2. I Am Trying To Break Your Heart Wilco : Not a song about a loveless relationship but a loveless reconciliation when all the energy funneled to carrying a torch for a lost love burns itself out in the anticlimax of a reuniting that turns out to be not much and not necessarily what the lovelorn wanted in the first place. It hurts more out of the way Jeff Tweedy sings it like the aquarium drunkard he claims to be in the first verse, as if drinking himself blind every night is the only thing that keeps him hanging on.
3. I Know It’s Over, The Smiths : Nobody does morose with such cunning snark - - -“if you’re so funny, why are you on your own tonight?” - - - and with such asphyxiating resignation - - -“ as I climb into an empty bed, oh well enough said” - - - as Morrissey does in this, his ex-band’s most gorgeous, most devastating ballad in which a long-held love turns out to be a long-held lie. The opening line “Oh mother, I can feel the soil falling over my head” would seem a bit melodramatic if that wasn’t exactly how she made you feel when she walked out the door.

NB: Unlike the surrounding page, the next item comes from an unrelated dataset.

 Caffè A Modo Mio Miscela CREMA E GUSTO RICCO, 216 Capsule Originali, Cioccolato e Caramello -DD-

4. I'm Sorry Baby You Can't Stand In My Light Anymore Bob Mould: A kiss-off that somehow manages to both wear its own sense of defeat proudly like a badge and wield the other party’s sense of loss like a weapon. Bob Mould back in form. Not that he was ever out of it.

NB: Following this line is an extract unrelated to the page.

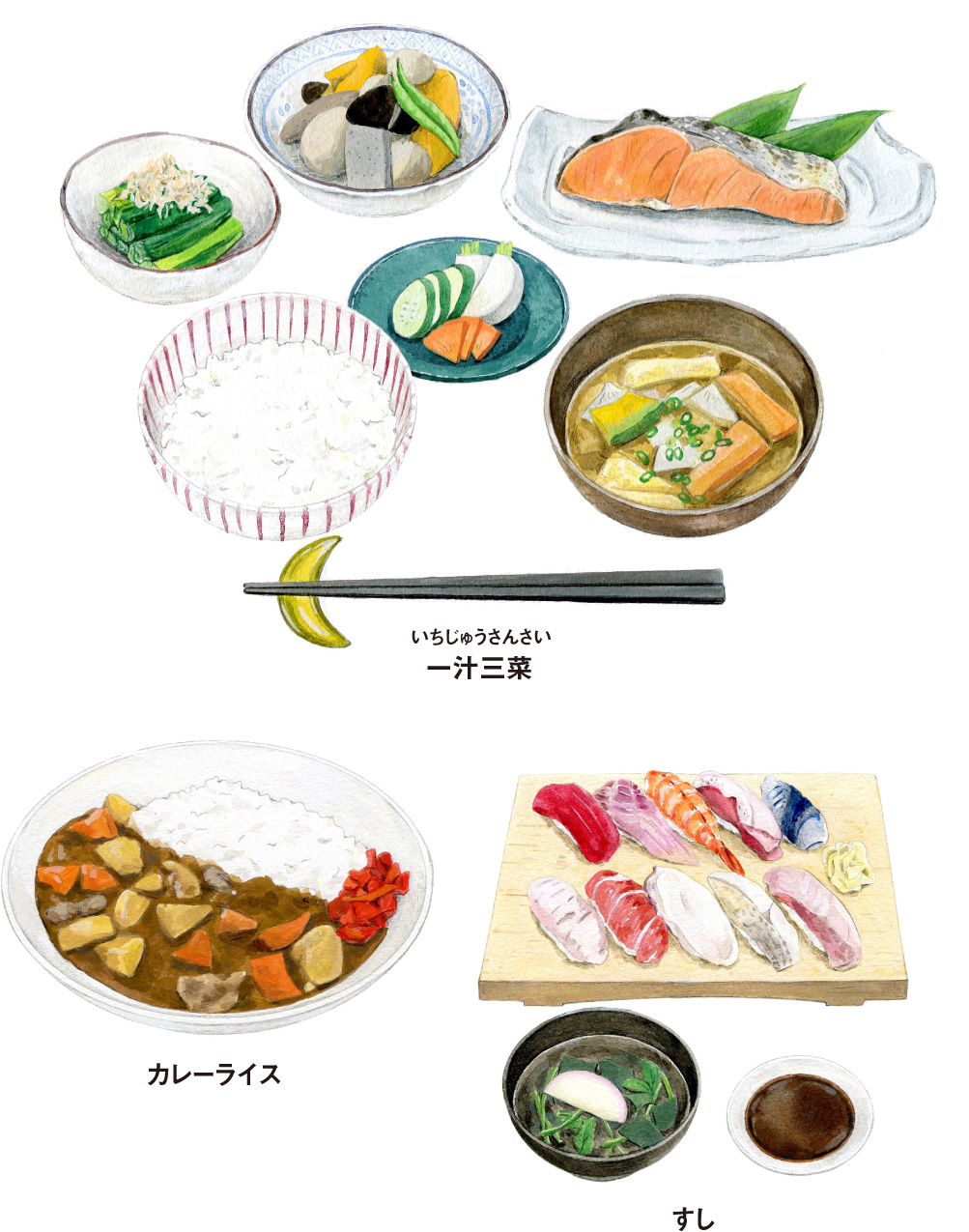 一汁三菜/カレーライス/すし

5. It Wouldn’t Have Made Any Difference Todd Rundgren: The wistful loveliness of the melody in the verses and the way Todd coos them as if pitching himself to an ex can be a little disarming: “ . . . maybe you remember the last time you called me to say we were through, how it took a million tears just to prove they all were for you . . .” But just as her reluctance starts to melt ,Todd throws his sucker punch: “ . . . but those days are through . . .” Love TKO, baby. Living well is not the best revenge, indifference is.

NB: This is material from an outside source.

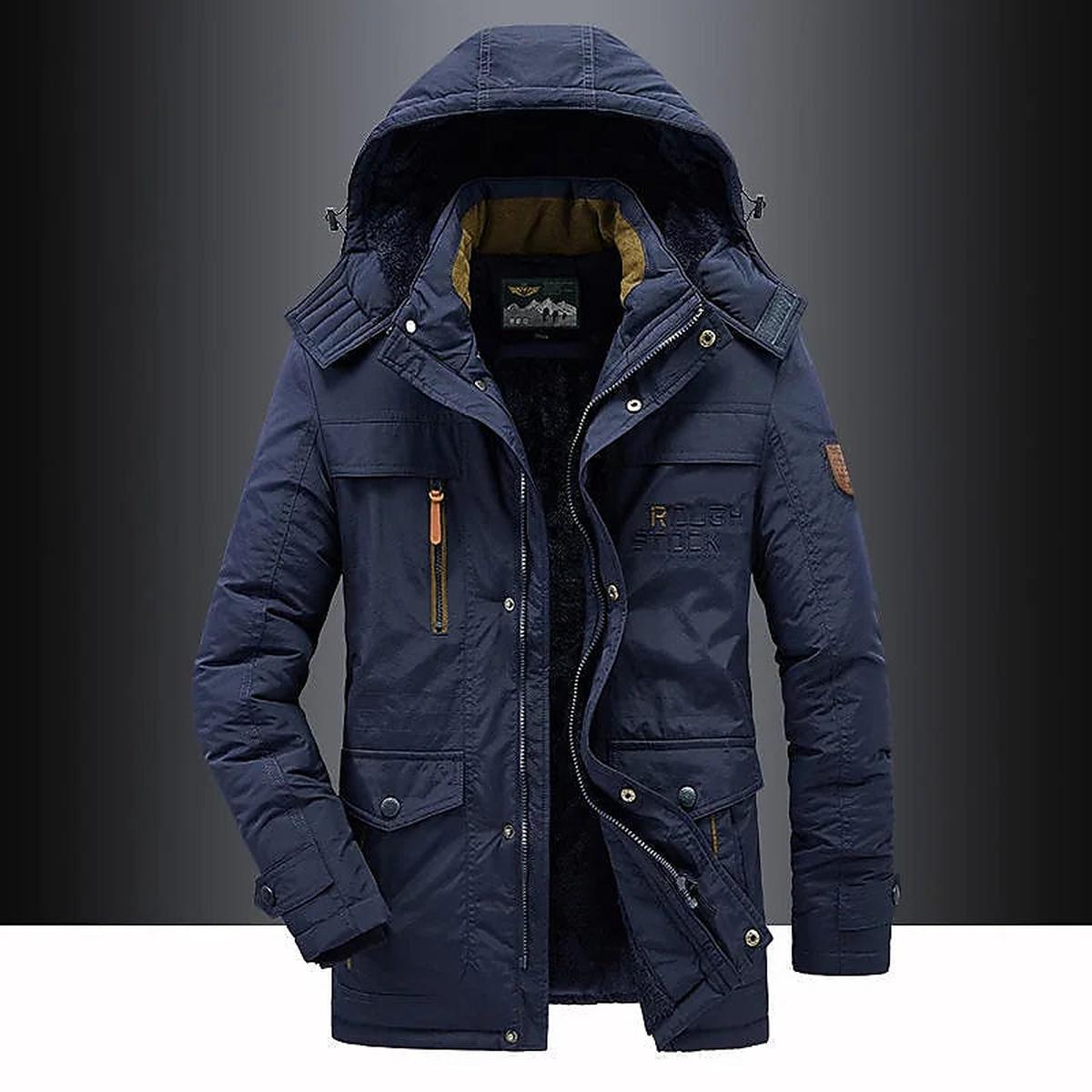 Heren Parka Warm Fleece Voering en Nepbont Capuchon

6. Knowing Me Knowing You Abba: Hands down the Abba song closest to my heart.“ . . . no more carefree laughter, silence ever after . . .” Harrowing, as breakup songs go, for being so determined in its hopelessness it all but snuffs out what tiny ray of hope the harmonies reach for.
7. Neither One of Us Gladys Knight & the Pips: The haunting, languid keyboard figure that opens this sets the aura of lived-in, worn-out emotional fatigue. But it’s the twist in the last line Gladys sings that tells you her infinite sadness isn’t being trapped in a loveless relationship but one where love is not enough and is tearing them apart.
8. Skinny Love Bon Iver: “In the morning I’ll be with you, but it will be a different kind. I’ll be holding all the tickets, and you’ll be owning all the fines." He sounds more like the new Lindsey Buckingham here but if only for the quivery prettiness of his voice and the bruised heart he wears on his sleeve, Justin Vernon really is the new James Taylor, isn't he?
9. When We Two Parted Afghan Whigs: The unhappiness that goes unspoken, the dying from the inside, the lovers like brothers on a hotel bed. “ . . . parted” Greg Dulli sings. But by the end of the song, they’re still together in the claustrophobia of something potentially worse than a loveless relationship : a bloodless one. “ . . . if I inflict the pain then baby only I can comfort you . . .” Corrosive, colossal.